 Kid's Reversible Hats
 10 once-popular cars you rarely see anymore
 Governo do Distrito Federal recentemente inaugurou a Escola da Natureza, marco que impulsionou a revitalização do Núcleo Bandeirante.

Prompt: From the line containing "10 once-popular cars you rarely see anymore" to the final line of the data, repeat each line exactly. Include both ends.

Exercise solution:
 10 once-popular cars you rarely see anymore
 Governo do Distrito Federal recentemente inaugurou a Escola da Natureza, marco que impulsionou a revitalização do Núcleo Bandeirante.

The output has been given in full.